◆ **TASK PROMPT**:
Below are records; print only the lines from the line containing "Kylian Mbappé of France celebrates" to the end, both included, reproduced exactly and without the pictures.

◆ **RECORDS FOR THIS TASK**:

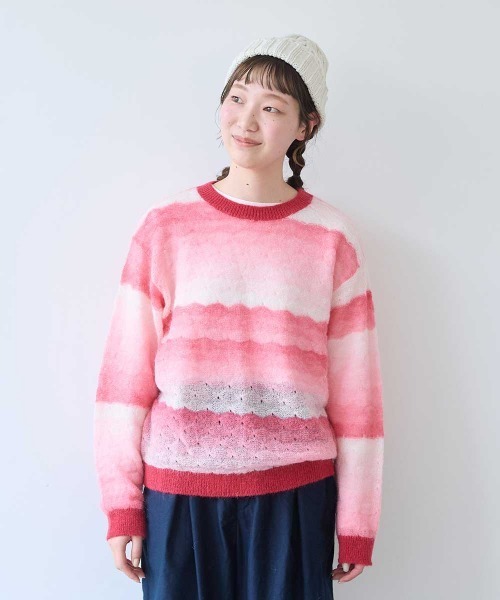 bulle de savon(ビュルデサボン)の「ナイロン/モへヤ/ウール gradient 透かし編みプルオーバー(ニット/セーター・レディース・ブルー/ピンク/チャコールグレー・FREE)」の1枚目の写真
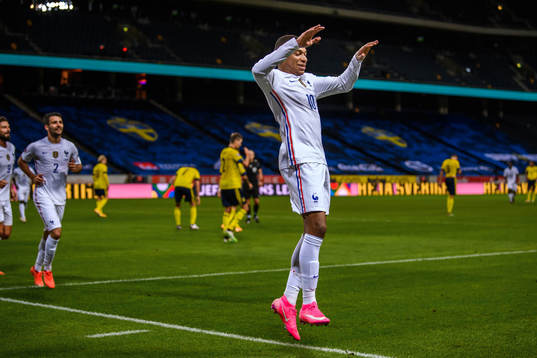Kylian Mbappé of France celebrates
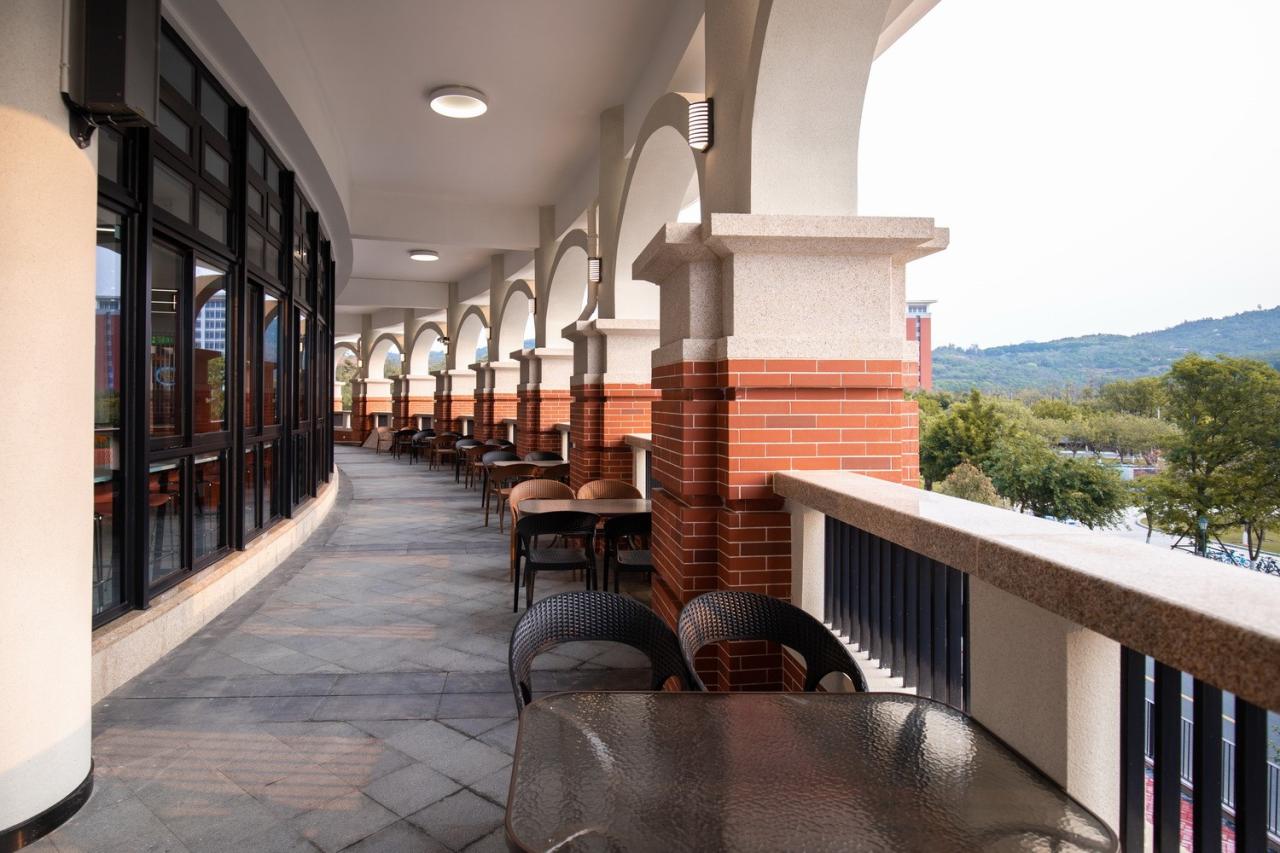 BIM建筑|厦门大学翔安校区中部学生食堂（思源餐厅）/ 厦门大学建筑设计研究院有限公司（AUAD）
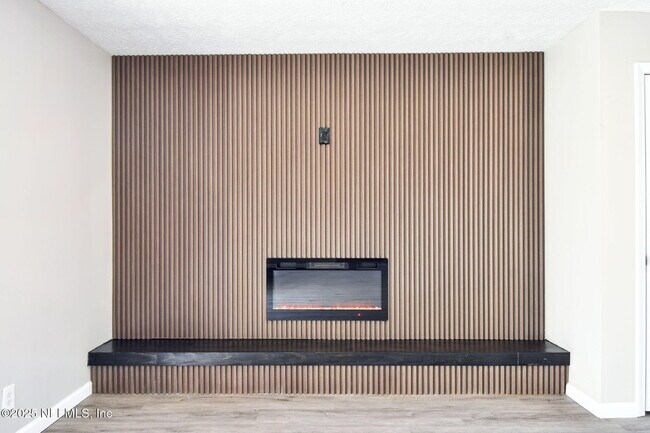 Building Photo - 2793 Greenridge Rd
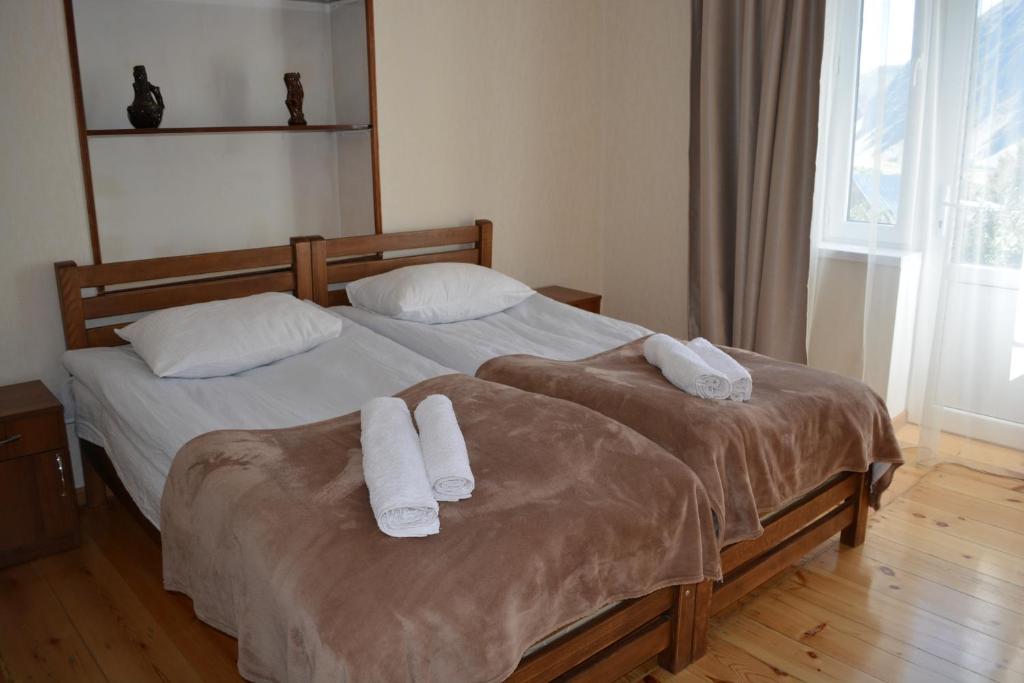 Postel nebo postele na pokoji v ubytování Ekaterine Guest House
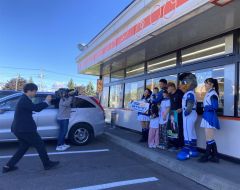 ハム元戦士やファイターズガールらがセコマ訪問、ファンと交流 足寄 3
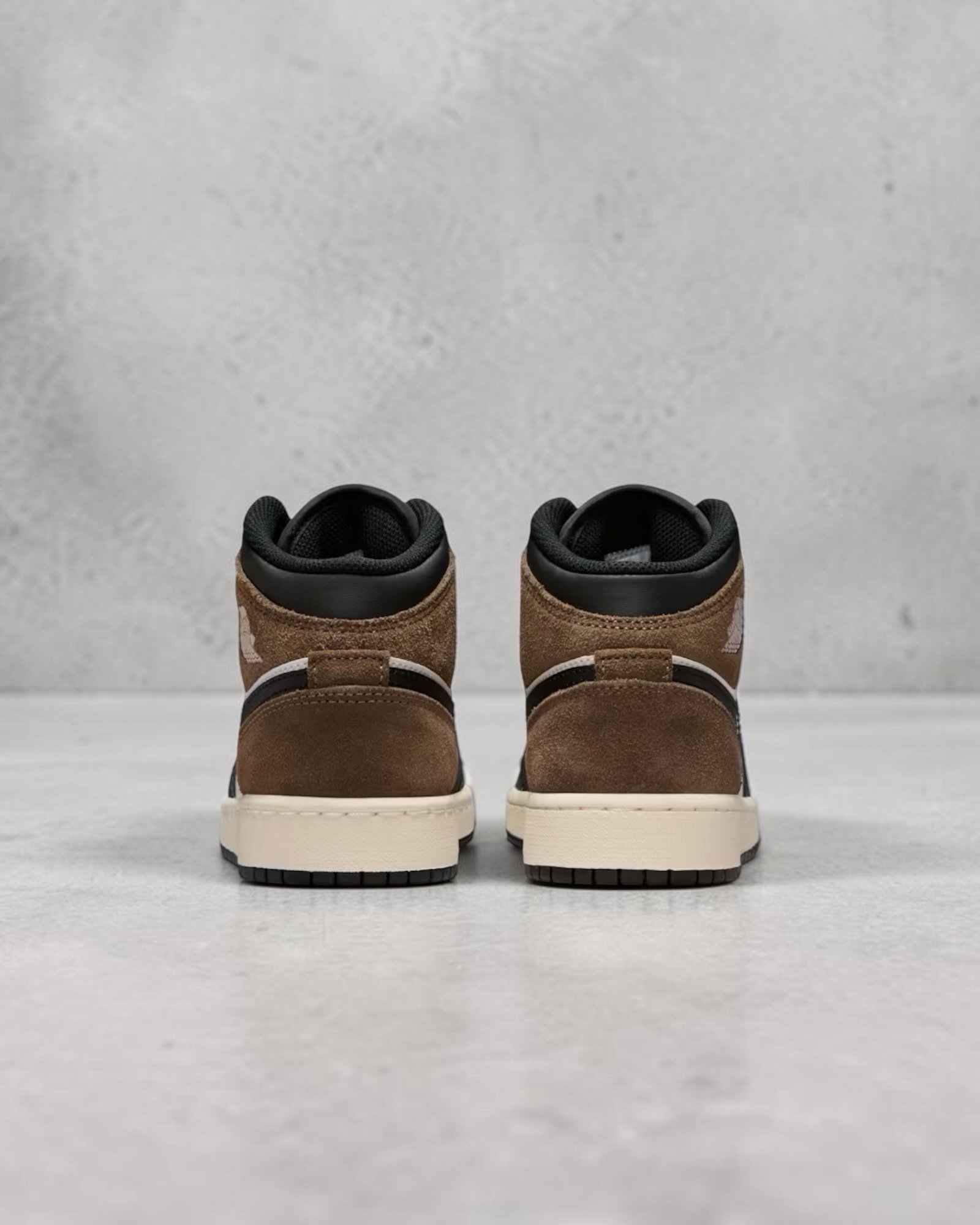 Air Jordan 1 Mid GS Palomino – Image 7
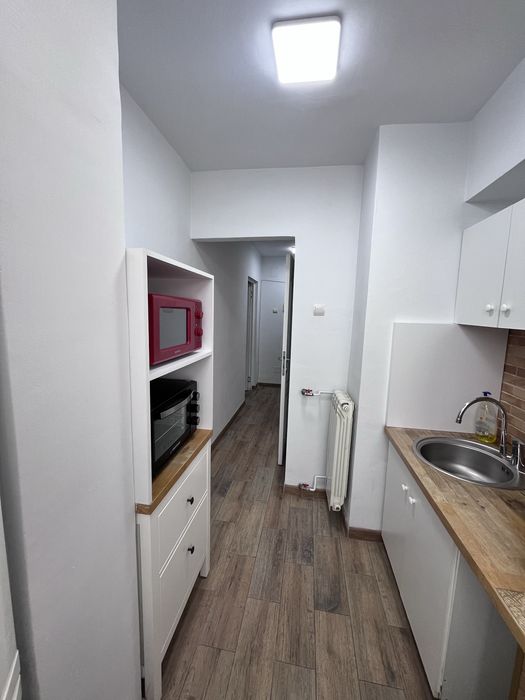 Inchiriez apartament 1 camera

◆ **OUTPUT OF THE TASK**:
Kylian Mbappé of France celebrates
 BIM建筑|厦门大学翔安校区中部学生食堂（思源餐厅）/ 厦门大学建筑设计研究院有限公司（AUAD）
 Building Photo - 2793 Greenridge Rd
 Postel nebo postele na pokoji v ubytování Ekaterine Guest House
 ハム元戦士やファイターズガールらがセコマ訪問、ファンと交流 足寄 3
 Air Jordan 1 Mid GS Palomino – Image 7
 Inchiriez apartament 1 camera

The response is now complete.